In anticipation of the merging of the two collections in Penrose, it was decided in 1990 to form an Art Committee to administer it. The members of the committee were Sir James Fletcher (Chairman) and three of the company’s chief executives: John Hood, Michael Andrews, and Neville Darrow, later succeeded by Bill Falconer. Their first task was to write a mission statement for the Fletcher Challenge Art Collection and to make the decision to appoint a full-time curator.
By 1 July 1991, paintings formerly in Te Whanganui-a-Tara had all joined their Tāmaki Makaurau counterparts on the walls at Fletcher Challenge House and in the new Penrose West complex. On that date, Lady Fletcher and Lady Trotter handed over their accumulated documentation of the art collection to a newly appointed curator, Peter Shaw. His responsibilities included cataloguing, loans, accessioning and de-accessioning of works, and the exhibition of all paintings. In line with Sir James Fletcher’s strongly held view that the paintings should not just operate as decorative items, the curator was charged with the task of staff art education using the collection as the primary source. In addition, following a suggestion by Chief Executive Hugh Fletcher, a policy of purchasing work by emerging New Zealand artists was instituted.
In a period that saw the dismantling of many of New Zealand’s corporate art collections, the Fletcher Challenge Art Collection continued to go from strength to strength. Holdings of works by major and established mid-period New Zealand artists were updated; the collection of work by emerging artists was enthusiastically continued; gaps in the collection were filled. Visitors continued to be welcomed, among them artists, gallery personnel, staff and family, and many guests of the company. A number of large-scale charitable functions involving art tours were held in Fletcher House.

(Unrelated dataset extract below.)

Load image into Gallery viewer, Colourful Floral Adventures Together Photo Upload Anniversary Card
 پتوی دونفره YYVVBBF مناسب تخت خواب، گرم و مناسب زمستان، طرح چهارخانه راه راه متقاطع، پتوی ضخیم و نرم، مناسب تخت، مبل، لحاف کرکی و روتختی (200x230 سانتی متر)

In 2001, when Fletcher Challenge Limited was broken up as a corporation, the collection was renamed the Fletcher Trust Collection. Fletcher Building, one of the four divisions, remained headquartered at Penrose, and it is here that many of artworks continue to be displayed. The wider display of the collection fits within the Trust’s philanthropic objective to ‘promote New Zealand art through the display, exhibition, research, scholarship and the loan of paintings’.
Since 2002, a number of works have been on loan to the Government Houses in Tāmaki Makaurau and Te Whanganui-a-Tara. Other works are constantly travelling on loan as part of specially curated exhibitions initiated either by the Trust itself or by public art galleries. In line with founder Sir James Fletcher’s fervently held intention, the Fletcher Trust’s policy is that its collection, constituting a unique record of the whole history of New Zealand art, should continue to be seen by as many New Zealanders as possible.